▶ _Dataset content_:
Content starts
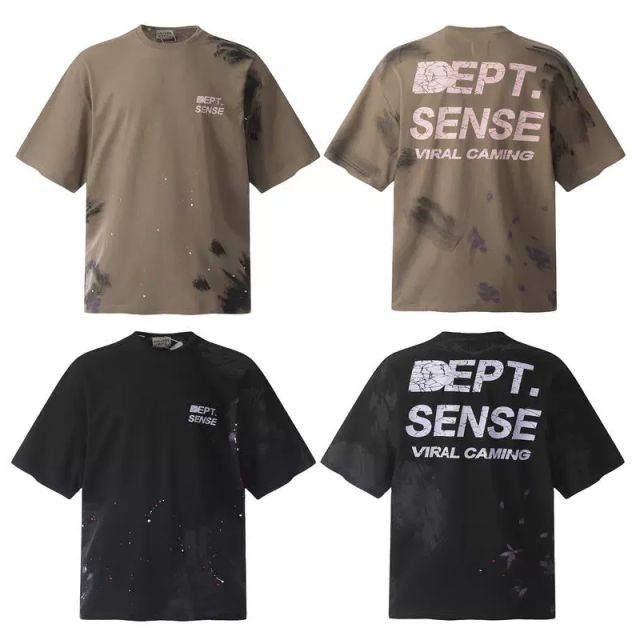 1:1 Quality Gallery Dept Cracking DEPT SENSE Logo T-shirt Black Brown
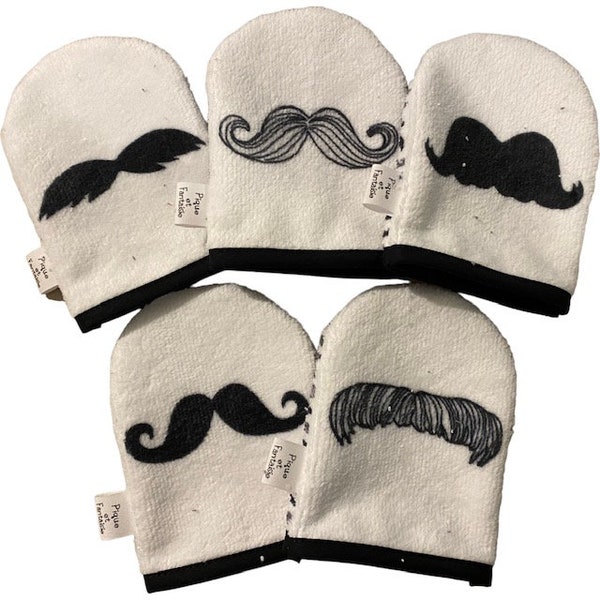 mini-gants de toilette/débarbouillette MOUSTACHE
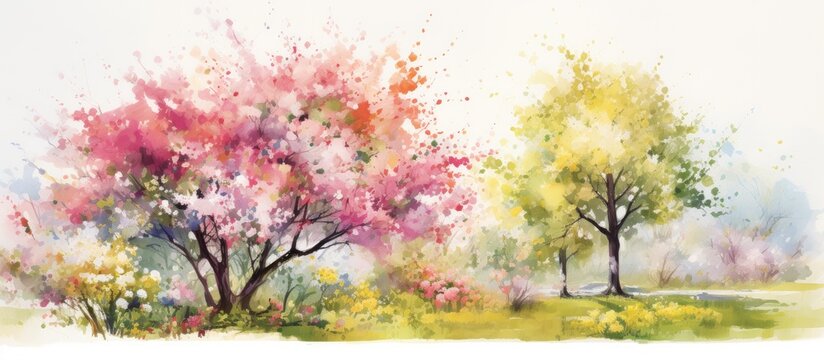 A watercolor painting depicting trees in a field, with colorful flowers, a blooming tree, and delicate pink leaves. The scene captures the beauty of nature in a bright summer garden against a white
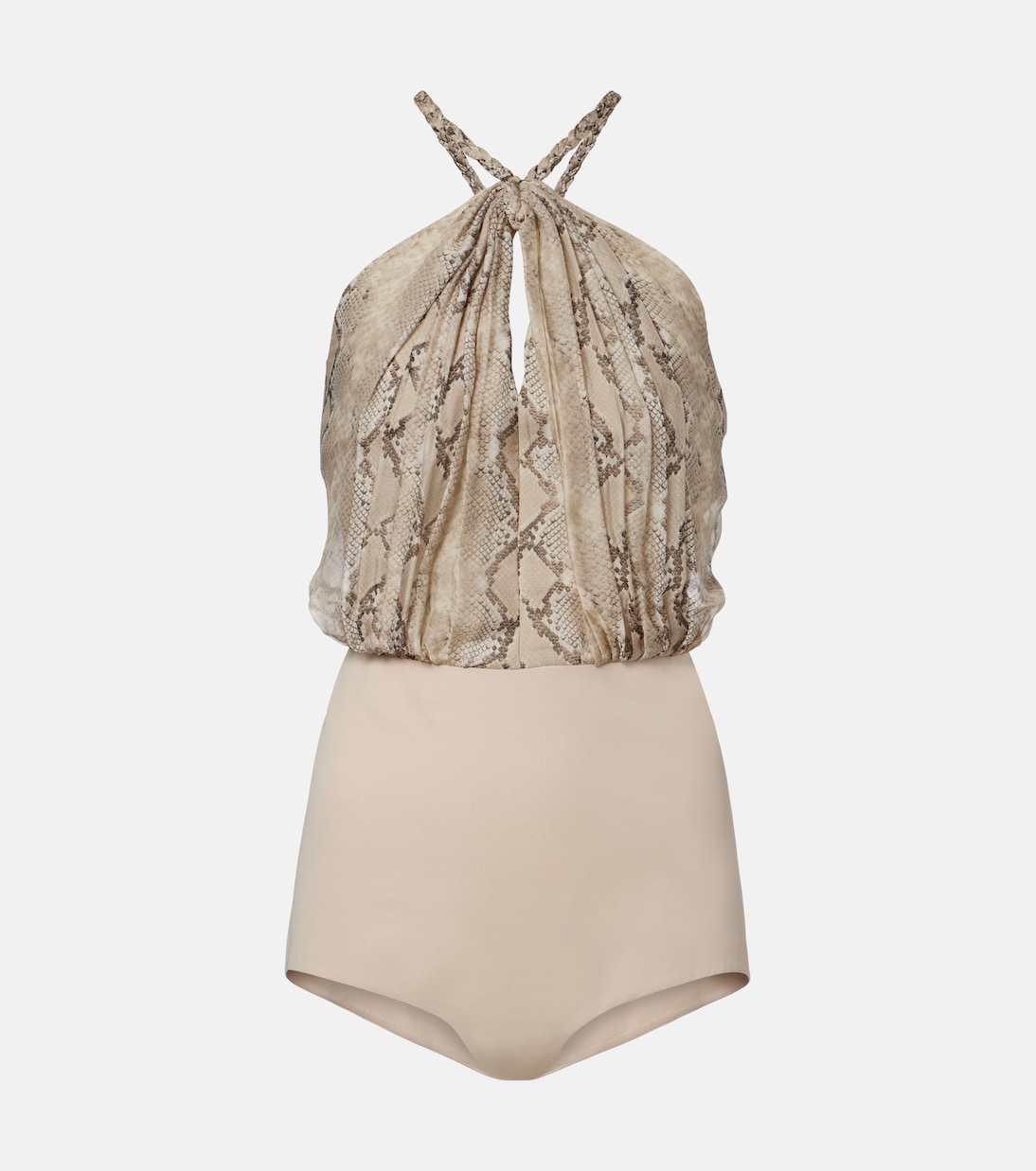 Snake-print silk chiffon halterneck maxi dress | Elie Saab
Content ends
▶ _What to produce_: Reproduce the data above in full, exactly, with the images removed.

▶ _Task result_:
 1:1 Quality Gallery Dept Cracking DEPT SENSE Logo T-shirt Black Brown
 mini-gants de toilette/débarbouillette MOUSTACHE
 A watercolor painting depicting trees in a field, with colorful flowers, a blooming tree, and delicate pink leaves. The scene captures the beauty of nature in a bright summer garden against a white
 Snake-print silk chiffon halterneck maxi dress | Elie Saab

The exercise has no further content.